Pero quiero ir más allá del cuerpo de Grace, más allá de los incidentales detalles de su persona física. Los cuerpos cuentan, desde luego -cuentan más de lo que estamos dispuestos a admitir-; pero no nos enamoramos de los cuerpos, nos enamoramos de lo que somos, y si en gran parte nuestra naturaleza se ve circunscrita a un ámbito de carne y hueso, también hay otra cosa. Eso lo sabemos todos, pero en cuanto nos apartamos de un catálogo de apariencias y cualidades superficiales, las palabras empiezan a fallar, a desmenuzarse en confusiones místicas y metáforas nebulosas, insustanciales. Algunos lo denominan la llama de la existencia. Otros, la chispa interior o la luz íntima de la personalidad. Y otros se refieren a la llama de la esencia. Los términos siempre evocan imágenes de luz y calor, y esa fuerza, ese principio vital que a veces llamamos alma, siempre se comunica al otro a través de la mirada. Seguro que los poetas acertaban al insistir en ese punto. El misterio del deseo empieza cuando se mira a los ojos al ser amado, porque únicamente allí puede percibirse un destello de quién es esa persona.

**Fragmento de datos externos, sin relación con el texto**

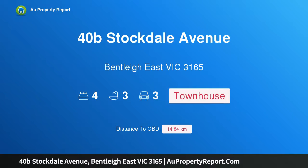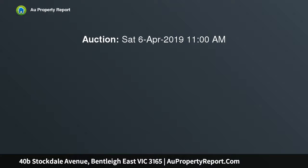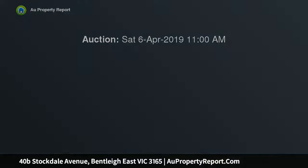Hi, I am glad to introduce property 40B Stockdale Avenue, Bentley East Victoria 3165, a unique and inspiring architectural icon — an exceptional 4 bedroom, 3.5 bathroom sensation designed by architect David Watson.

Grace tenía los ojos azules. De un azul oscuro, moteado de gris, con algo de castaño, quizá, pero también de avellana a modo de contraste. Eran ojos intrincados, ojos que cambiaban de color según la intensidad y la inflexión de la luz que recibieran en un momento determinado, y cuando la vi por primera vez aquel día en el despacho de Betty, se me ocurrió que nunca había conocido a una mujer que irradiara tal serenidad, tanto aplomo en su manera de ser, como si hubiera alcanzado ya, sin haber cumplido aún veintisiete años, un estadio de existencia superior al del resto de los mortales. No pretendo sugerir que hubiese en ella reserva alguna, que Grace flotara por encima de las circunstancias envuelta en alguna beatífica niebla de con descendencia o frialdad. Por el contrario, se mostró bastante animada durante toda la entrevista, dispuesta a reír, a sonreír, a formular todas las observaciones y a hacer todos los gestos que había que hacer, pero bajo su interés profesional por las ideas que Betty y yo le proponíamos se percibía una asombrosa ausencia de lucha interior, un equilibrio mental que parecía eximirla de los habituales conflictos y agresiones de la vida moderna: falta de confianza en uno mismo, envidia, sarcasmo, necesidad de juzgar o menospreciar a los demás, el punzante, insoportable dolor de la ambición personal. Grace era joven, pero poseía un alma madura y curtida, y sentado frente a ella aquel primer día en la sede de Holst y Mc Dermott, mirándola a los ojos y estudiando los contornos de su cuerpo esbelto y anguloso, de eso es de lo que me enamoré: la sensación de calma que la envolvía, el radiante silencio que ardía en su interior.